Correct Interpretation of a Confidence Interval: If you construct many (1 - α) • 100% confidence intervals, approximately (1 - α) • 100% of the intervals will cover the true parameter value.
• Whether a confidence interval contains the true mean depends solely on the sample mean.
• Both the sample size and the level of confidence affect the width of the interval.
- The larger the sample size, the narrower the interval.
- The smaller the level of confidence, the narrower the
interval.
How Confidence Intervals Behave
• The margin of error is: Z_α/2 * (σ/sqrt(n))
• The margin of error gets smaller, resulting in more accurate inference,
- when n gets larger
- when Z_α/2 gets smaller (confidence level gets smaller)
Constructing Confidence Intervals
Estimation is the process of using sample data (known) to estimate the value of a population parameter (unknown).
Estimation involves two steps:
Step 1 - Obtain the value of a statistic that estimates the value of a parameter; this is called the point estimate. (Relatively easy.)
Step 2 - Quantify the accuracy and precision of the point estimate using a confidence interval. (Requires knowledge of the sampling distribution of the statistic.)
Level of Confidence
-The level of confidence represents the expected proportion of (random) intervals that will contain the parameter if a large number of different samples is obtained.
- The level of confidence is always expressed as a
percent.
Although the choice of the level of confidence is at the discretion of the experimenter, the most commonly used values are 90%, 95%, and 99%.
● The level of confidence is associated with a number α, the "error rate".
● For "error rate" α, the level of confidence is
(1 - α) • 100%.
When α= 0.05, then (1 - α) = 0.95, and we have a 95%
level of confidence.
When α= 0.01, then (1 - α) = 0.99, and we have a 99% level of confidence.
Estimation
-the process of using sample data to estimate the value of a population parameter (Confidence Interval)
Hypothesis Testing
-Hypothesis testing is the process of using sample data to test a claim about the value of a population parameter (Tests of Significance, Hypothesis Test).
-A hypothesis test for a parameter is a procedure, based on sample evidence and probability, used to test a specific claim about the value of the parameter.
Steps of Hypothesis Testing
a) A claim is made. (Statement about the nature of some
population.)
b) Evidence (sample data from population) is collected to "test" the validity of the claim.
c) The data are analyzed to assess the plausibility of the claim. d) Conclusion about the claim is stated.
Null Hypothesis
-a statement (regarding the value of a parameter) that is believed to be true:
• It is written as H0 (read as "H-naught" or "H-sub-Oh").
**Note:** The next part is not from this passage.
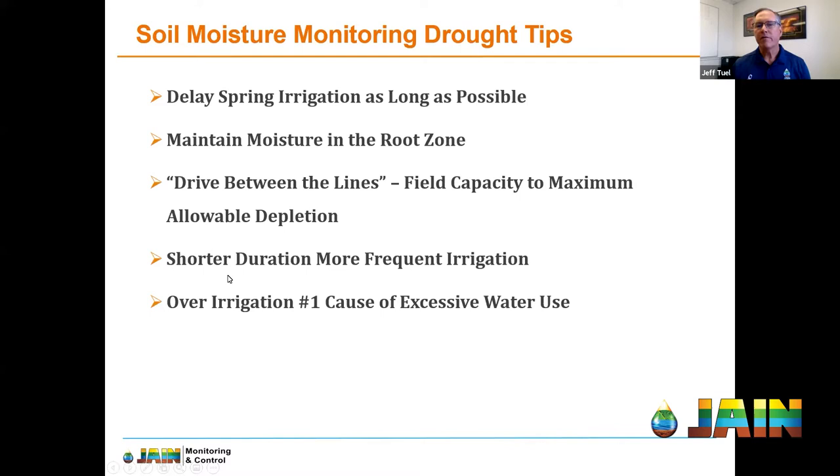Shorter duration and more frequent irrigation is another tip — though this depends on soil type. We'll have a good example on sandy soil where a grower is doing this successfully and using less water than in past years, achieved by using a soil moisture probe with appropriately set boundaries. And the last point is really not a tip but something to keep front of mind: over-irrigation is the number one cause of excessive water use, and it can be caused by many different factors. Managing your irrigation level, the timing, and the amount — that's what this is all about, regardless of the technology you're employing.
• Always a statement of equality.
• It is a statement of status quo or no difference.
• Assumed to be plausible until we have evidence to the
contrary.
• The statement being tested in a statistical test is
called the null hypothesis.
• The test is designed to assess the strength of
evidence against the null hypothesis.
• Usually the null hypothesis is a statement of "no effect" or "no difference", or it is a statement of
equality
Alternative Hypothesis
-a claim (regarding the value of a parameter) to be tested:
• Is written as Ha (read as "H-a" or "H-sub-a") (sometime H1).
• It never contains a statement of equality. • It represents the claim that we seek evidence for.
• There are different types of alternative hypotheses, depending on the wording of the claim.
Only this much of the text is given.